Bug in Linux 3.11: Netfilter MASQUERADE-target does not work anymore
Wednesday, October 9. 2013
This is something I've been trying to crack ever since I installed Fedora 19 alpha into my router. My HTTP-streams do not work. At all. Depending on the application and its retry-policy implementation some things would work, some won't. Examples:
- Playstation 3 updates: Updates load up to 30% and then nothing, this one I mistakenly thought was due to PS3 firmware update
- YLE Areena: No functionality after first 10-40 seconds
- Netflix: Poor picture quality, HD pretty much never kicks in, super-HD... dream on.
- Spotify: Works ok
- Ruutu.fi: Endless loop of commercials, the real program never starts
- Regular FTP-stream: Hang after first bytes
My Fedora 19 Linux is a router connecting to Internet and distributing the connection to my home LAN via NAT. The IPtables rule is:
iptables -t nat -A POSTROUTING -o em1 -j MASQUERADE
I found an article with title IPTables: DNAT, SNAT and Masquerading from LinuxQuestions.org. It says:
"SNAT would be better for you than MASQUERADE, but they both work on outbound (leaving the server) packets. They replace the source IP address in the packets for their own external network device, when the packet returns, the NAT function knows who sent the packet and forwards it back to the originating workstation inside the network."
So, I had to try that. I changed my NAT-rule to:
iptables -t nat -D POSTROUTING -o em1 -j MASQUERADE
iptables -t nat -A POSTROUTING -o em1 -j SNAT --to-source 80.my.source.IP
... and everything starts to work ok! I've been using the same masquerade-rule for at least 10 years without problems. Something must have changed in Linux-kernel.
I did further studies with this problem. On a remote server I did following on a publicly accessible directory:
# dd if=/dev/urandom of=random.bin bs=1024 count=10240
10240+0 records in
10240+0 records out
10485760 bytes (10 MB) copied, 1.76654 s, 5.9 MB/s
It creates a random file of 10 MiB. For testing purposes, I can load the file with wget-utility:
# wget http://81.the.other.IP/random.bin
Connecting to 81.the.other.IP:80... connected.
HTTP request sent, awaiting response... 200 OK
Length: 10485760 (10M) [application/octet-stream]
Saving to: `random.bin'
100%[=================>] 10,485,760 7.84M/s in 1.3s
2013-10-08 17:06:02 (7.84 MB/s) - `random.bin' saved [10485760/10485760]
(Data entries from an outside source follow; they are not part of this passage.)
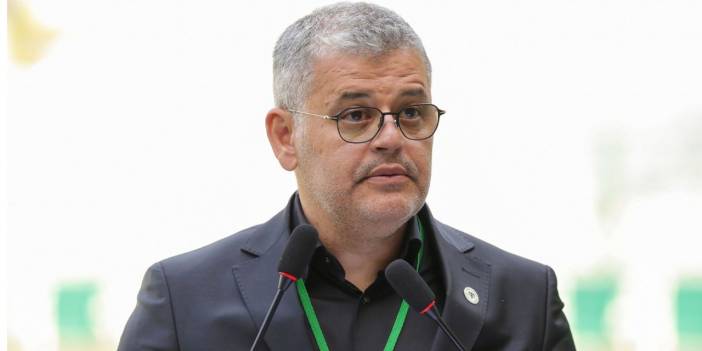 Konyaspor’da transferin perde arkası: Karısı “evet” derse geliyor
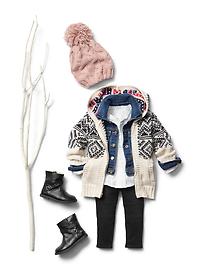 View large product image 3 of 3. Denim jacket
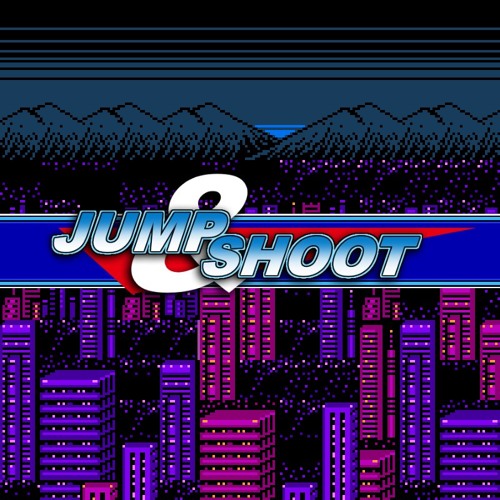 Jump & Shoot: A Gaming Podcast’s avatar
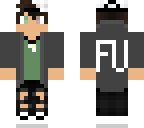16 boy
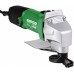 HiKOKI CE16SAUAZ Nożyce do blach prostych 400W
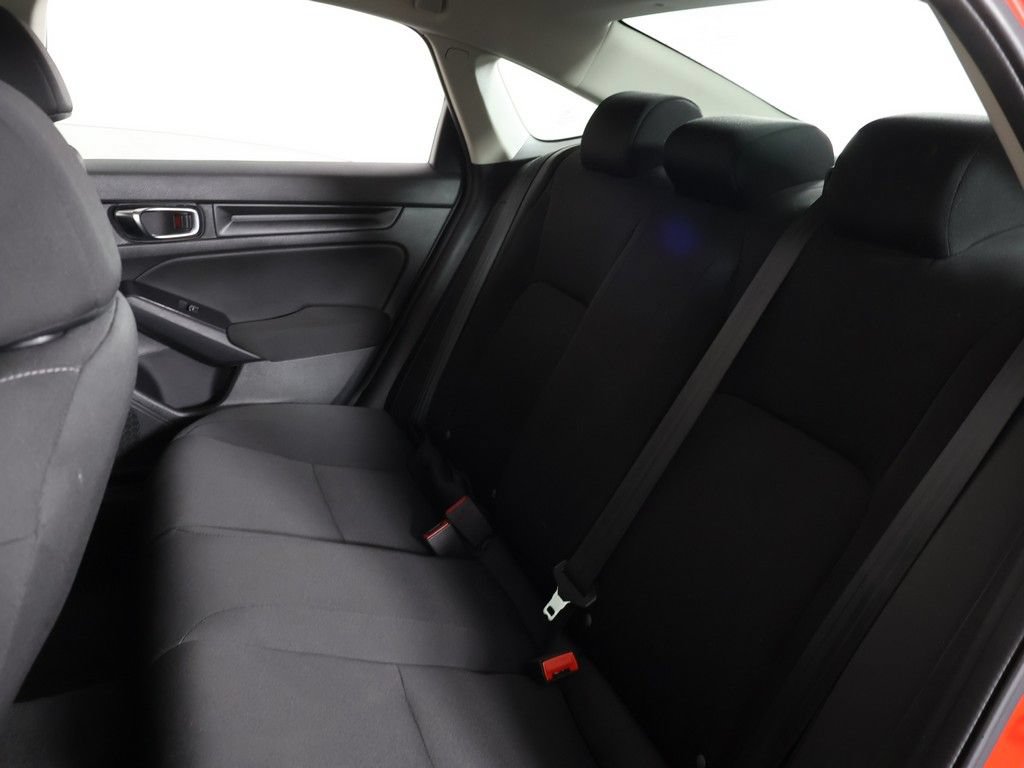 Used 2024 Honda Civic LX image 29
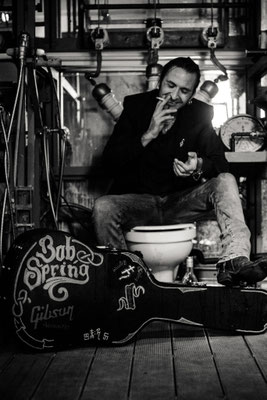 Bob Spring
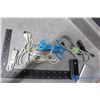 Image 3 : Powerbanks & Assorted Chargers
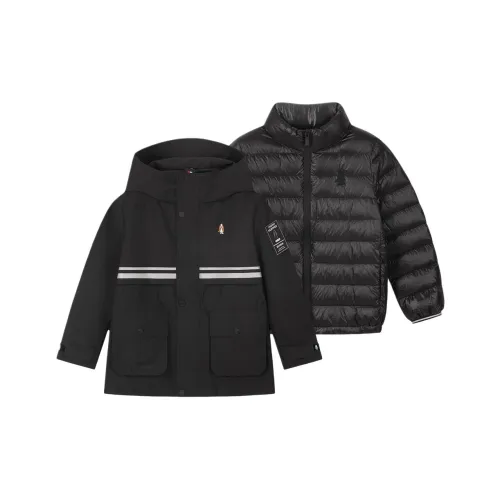 Hush Puppies Пуховик 2 предмета Комплект для детей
No problems. The file loads ok. The speed is good, nothing fancy there. I change the rule back to MASQUERADE and do the same thing again:
# wget http://81.the.other.IP/random.bin
Connecting to 81.the.other.IP:80... connected.
HTTP request sent, awaiting response... 200 OK
Length: 10485760 (10M) [application/octet-stream]
Saving to: `random.bin'
10% [=======> ] 1,090,200 --.-K/s eta 85m 59s
After waiting for 10 minutes, there was no change in the download. wget simply hung there and would not process without manual intervention. Its official: masquerade is busted.
Me finding a bug in Linux kernel is almost impossible. I'm not a kernel developer, or anything, but anything I try finds nothing from the net. So I had to double check to rule out following:
- Hardware:
- Transferring similar file from router-box to client works fully. I tested a 100 MiB file. No issues with my LAN or the client computer.
- Transferring similar file from outside-server to router-box works fully. I tested a 100 MiB file. No issues with my Internet connection.
- When not NATing, everything works ok. Based on this I don't suspect any hardware issues.
- There is no difference in my home if using WLAN or Ethernet. The problem is related to my POSTROUTING-setting.
- IPv4:
- I have a SixXS IPv6-tunnel at my disposal. Transferring a 100 MiB file from outside-server via IPv6 to the same a IPv4 NATed client works fully. No issues.
- My original claim is that MASQUERADE is broken, SNAT works. Functioning IPv6 connection supports that claim.
To further see if it would be a Fedora-thing, or affecting entire Linux, I took official Linux 3.11.4 source code and Fedora kernel-3.11.3-201.fc19.src.rpm and ran a diff:
# diff -aur /tmp/linux.orig/linux-3.11.4/net/ipv4/netfilter \
/tmp/linux.fc19/linux-3.11/net/ipv4/netfilter
Nothing. No differences encountered. Looks like I have to file a bug report to Fedora and possibly Netfilter-project. Looking at the change log of /net/ipv4/netfilter/ipt_MASQUERADE.c reveals absolutely nothing, the change must be somewhere else.